Stored entries

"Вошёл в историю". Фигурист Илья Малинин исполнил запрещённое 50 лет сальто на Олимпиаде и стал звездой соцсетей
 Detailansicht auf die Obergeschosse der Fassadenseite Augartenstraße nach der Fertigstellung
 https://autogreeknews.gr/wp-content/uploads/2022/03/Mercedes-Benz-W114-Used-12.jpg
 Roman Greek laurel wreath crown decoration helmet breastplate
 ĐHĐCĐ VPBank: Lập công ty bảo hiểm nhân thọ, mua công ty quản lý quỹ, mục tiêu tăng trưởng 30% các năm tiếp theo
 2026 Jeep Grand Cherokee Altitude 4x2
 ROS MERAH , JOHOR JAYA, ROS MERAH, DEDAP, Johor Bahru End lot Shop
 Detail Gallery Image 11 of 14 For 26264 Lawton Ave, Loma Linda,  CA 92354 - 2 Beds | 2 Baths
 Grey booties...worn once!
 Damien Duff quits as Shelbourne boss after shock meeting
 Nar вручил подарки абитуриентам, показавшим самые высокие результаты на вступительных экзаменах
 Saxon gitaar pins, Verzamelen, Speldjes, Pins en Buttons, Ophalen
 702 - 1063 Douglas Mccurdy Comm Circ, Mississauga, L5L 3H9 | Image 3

_WHAT TO WORK ON_: Restate the records in full, keeping every word as it is.

_SOLUTION FOR THIS EXERCISE_:
"Вошёл в историю". Фигурист Илья Малинин исполнил запрещённое 50 лет сальто на Олимпиаде и стал звездой соцсетей
 Detailansicht auf die Obergeschosse der Fassadenseite Augartenstraße nach der Fertigstellung
 https://autogreeknews.gr/wp-content/uploads/2022/03/Mercedes-Benz-W114-Used-12.jpg
 Roman Greek laurel wreath crown decoration helmet breastplate
 ĐHĐCĐ VPBank: Lập công ty bảo hiểm nhân thọ, mua công ty quản lý quỹ, mục tiêu tăng trưởng 30% các năm tiếp theo
 2026 Jeep Grand Cherokee Altitude 4x2
 ROS MERAH , JOHOR JAYA, ROS MERAH, DEDAP, Johor Bahru End lot Shop
 Detail Gallery Image 11 of 14 For 26264 Lawton Ave, Loma Linda,  CA 92354 - 2 Beds | 2 Baths
 Grey booties...worn once!
 Damien Duff quits as Shelbourne boss after shock meeting
 Nar вручил подарки абитуриентам, показавшим самые высокие результаты на вступительных экзаменах
 Saxon gitaar pins, Verzamelen, Speldjes, Pins en Buttons, Ophalen
 702 - 1063 Douglas Mccurdy Comm Circ, Mississauga, L5L 3H9 | Image 3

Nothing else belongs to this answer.